When a customer’s chip won’t read or the magnetic stripe is damaged, most payment terminals let you type the card number directly into the keypad. The process takes a few extra seconds and requires more information than a standard swipe or tap, but it works on nearly every modern terminal once you know the steps.
Steps to Manually Enter a Card Number
The exact menu flow varies slightly by terminal brand and payment processor, but the general sequence is consistent across Ingenico, Verifone, Clover, and similar machines.
- Start a sale. From the idle screen, select “Sale” (or press the sale button, depending on your terminal). Choose “Credit” or “Debit” when prompted.
- Enter the transaction amount. Key in the dollar amount and press Enter. Confirm the amount when the screen asks you to verify.
- Key in the card number. When the terminal prompts you to swipe, insert, or tap, simply begin typing the full card number on the keypad instead. Press Enter after the last digit.
- Enter the expiration date. Type the two-digit month and two-digit year (for example, 0827 for August 2027), then press Enter.
- Enter the CVV code. This is the three-digit security code on the back of the card (four digits on the front for American Express). Press Enter.
- Enter the billing ZIP code. Some terminals also ask for the cardholder’s street address. Type it in and press Enter.
- Confirm card presence. The terminal may ask whether the physical card is present. Select Yes if the customer handed you the card, or No if you’re taking the number over the phone.
After these steps, the terminal sends the transaction for authorization just like a normal sale. If approved, print or email the receipt as usual.
Information You Need Before You Start
Manual entry requires more data than a chip or tap transaction because the terminal can’t pull encrypted information from the card itself. Have all four pieces ready before you begin: the complete card number, the expiration date, the CVV security code, and the cardholder’s billing ZIP code. Missing any one of these will either stall the process or cause a decline.
If the customer is standing in front of you, ask to hold the card so you can read each field directly. For phone or mail orders, collect all four data points before you touch the terminal.

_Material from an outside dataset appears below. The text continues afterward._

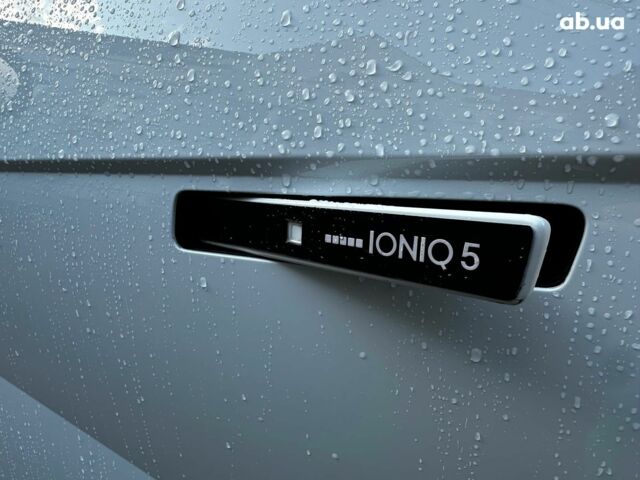 Белый Хендай Ioniq 5, объемом двигателя 0 л и пробегом 81 тыс. км за 24690 $, фото 7 на Automoto.ua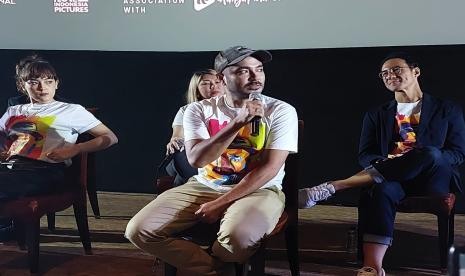 Aktor pemeran Glenn Fredly The Movie, Marthino Lio dalam konferensi pers Glenn Fredly The Movie.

Why Manual Entry Costs More
Keyed-in transactions are classified as “card not present” by payment processors, even when the customer is standing right there. That classification carries higher processing fees because manually entered transactions have a greater fraud risk than chip-read or tap payments.
The difference is meaningful. Stripe, for example, charges 2.7% plus 5 cents for in-person chip and tap transactions but 2.9% plus 30 cents for keyed or online payments. Shopify’s Basic plan charges 2.6% plus 10 cents in person versus 2.9% plus 30 cents for manually entered sales. On a $100 transaction, that gap works out to roughly 50 to 55 cents more per sale. For an occasional damaged card, the extra cost is trivial. If you’re keying in dozens of transactions a day, it adds up fast.
When the Terminal Won’t Allow Manual Entry
If you type in a card number and the screen displays “Swipe Only” or simply won’t accept keystrokes at the card prompt, manual entry has been disabled in your terminal’s settings. This is a configurable feature, not a hardware limitation. A store manager or account administrator can enable or disable manual entry for specific card types or for the terminal as a whole.
Some terminals also require a manager password before allowing a keyed transaction. If you’re prompted for a password you don’t have, check with your manager or whoever set up the terminal. The setting is typically found in the terminal’s configuration or “Edit Terminal” menu under a manual entry toggle. Once enabled, the terminal accepts typed card numbers at the payment prompt without any special button sequence.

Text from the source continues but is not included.